[[ Records supplied open ]]

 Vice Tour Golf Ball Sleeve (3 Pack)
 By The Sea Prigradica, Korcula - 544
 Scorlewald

[[ Records supplied closed ]]
[[ Records supplied open ]]

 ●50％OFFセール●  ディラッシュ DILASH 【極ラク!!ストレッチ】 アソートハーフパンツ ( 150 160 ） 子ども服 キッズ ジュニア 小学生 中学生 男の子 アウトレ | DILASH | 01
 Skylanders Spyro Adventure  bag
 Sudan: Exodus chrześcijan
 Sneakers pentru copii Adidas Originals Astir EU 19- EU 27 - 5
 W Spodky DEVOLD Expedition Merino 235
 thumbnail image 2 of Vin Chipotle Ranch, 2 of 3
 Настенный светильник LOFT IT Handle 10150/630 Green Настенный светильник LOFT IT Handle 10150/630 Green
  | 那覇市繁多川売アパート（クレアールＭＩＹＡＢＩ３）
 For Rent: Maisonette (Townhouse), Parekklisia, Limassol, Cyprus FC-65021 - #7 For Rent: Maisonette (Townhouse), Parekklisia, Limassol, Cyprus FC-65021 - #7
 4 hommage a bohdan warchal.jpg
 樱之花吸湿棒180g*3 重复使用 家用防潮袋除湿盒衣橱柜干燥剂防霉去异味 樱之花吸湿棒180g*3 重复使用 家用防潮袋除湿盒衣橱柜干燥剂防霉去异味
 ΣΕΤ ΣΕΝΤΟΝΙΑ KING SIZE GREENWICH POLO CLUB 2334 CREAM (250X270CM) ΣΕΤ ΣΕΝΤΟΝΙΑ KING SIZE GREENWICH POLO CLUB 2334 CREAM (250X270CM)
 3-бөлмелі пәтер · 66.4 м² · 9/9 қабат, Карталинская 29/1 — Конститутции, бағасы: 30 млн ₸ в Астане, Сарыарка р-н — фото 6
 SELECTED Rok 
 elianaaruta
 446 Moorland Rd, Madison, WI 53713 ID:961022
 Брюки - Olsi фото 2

[[ Records supplied closed ]]
[[ Records supplied open ]]

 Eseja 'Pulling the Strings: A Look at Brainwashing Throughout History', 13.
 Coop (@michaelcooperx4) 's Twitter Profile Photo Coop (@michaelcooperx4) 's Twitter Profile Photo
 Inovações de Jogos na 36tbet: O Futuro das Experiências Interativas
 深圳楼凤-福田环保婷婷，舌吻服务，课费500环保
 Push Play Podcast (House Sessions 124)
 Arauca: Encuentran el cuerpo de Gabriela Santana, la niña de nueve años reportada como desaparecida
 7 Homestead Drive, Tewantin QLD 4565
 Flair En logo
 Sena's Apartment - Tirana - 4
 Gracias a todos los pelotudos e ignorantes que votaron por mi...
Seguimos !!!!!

[[ Records supplied closed ]]

### [Brief]
Repeat exactly the lines of the listing above, from the one with "Skylanders Spyro Adventure" down to the one with "446 Moorland Rd, Madison, WI 53713 ID:961022"; both of those lines belong in the range.

### [Response to this exercise]
 Skylanders Spyro Adventure  bag
 Sudan: Exodus chrześcijan
 Sneakers pentru copii Adidas Originals Astir EU 19- EU 27 - 5
 W Spodky DEVOLD Expedition Merino 235
 thumbnail image 2 of Vin Chipotle Ranch, 2 of 3
 Настенный светильник LOFT IT Handle 10150/630 Green Настенный светильник LOFT IT Handle 10150/630 Green
  | 那覇市繁多川売アパート（クレアールＭＩＹＡＢＩ３）
 For Rent: Maisonette (Townhouse), Parekklisia, Limassol, Cyprus FC-65021 - #7 For Rent: Maisonette (Townhouse), Parekklisia, Limassol, Cyprus FC-65021 - #7
 4 hommage a bohdan warchal.jpg
 樱之花吸湿棒180g*3 重复使用 家用防潮袋除湿盒衣橱柜干燥剂防霉去异味 樱之花吸湿棒180g*3 重复使用 家用防潮袋除湿盒衣橱柜干燥剂防霉去异味
 ΣΕΤ ΣΕΝΤΟΝΙΑ KING SIZE GREENWICH POLO CLUB 2334 CREAM (250X270CM) ΣΕΤ ΣΕΝΤΟΝΙΑ KING SIZE GREENWICH POLO CLUB 2334 CREAM (250X270CM)
 3-бөлмелі пәтер · 66.4 м² · 9/9 қабат, Карталинская 29/1 — Конститутции, бағасы: 30 млн ₸ в Астане, Сарыарка р-н — фото 6
 SELECTED Rok 
 elianaaruta
 446 Moorland Rd, Madison, WI 53713 ID:961022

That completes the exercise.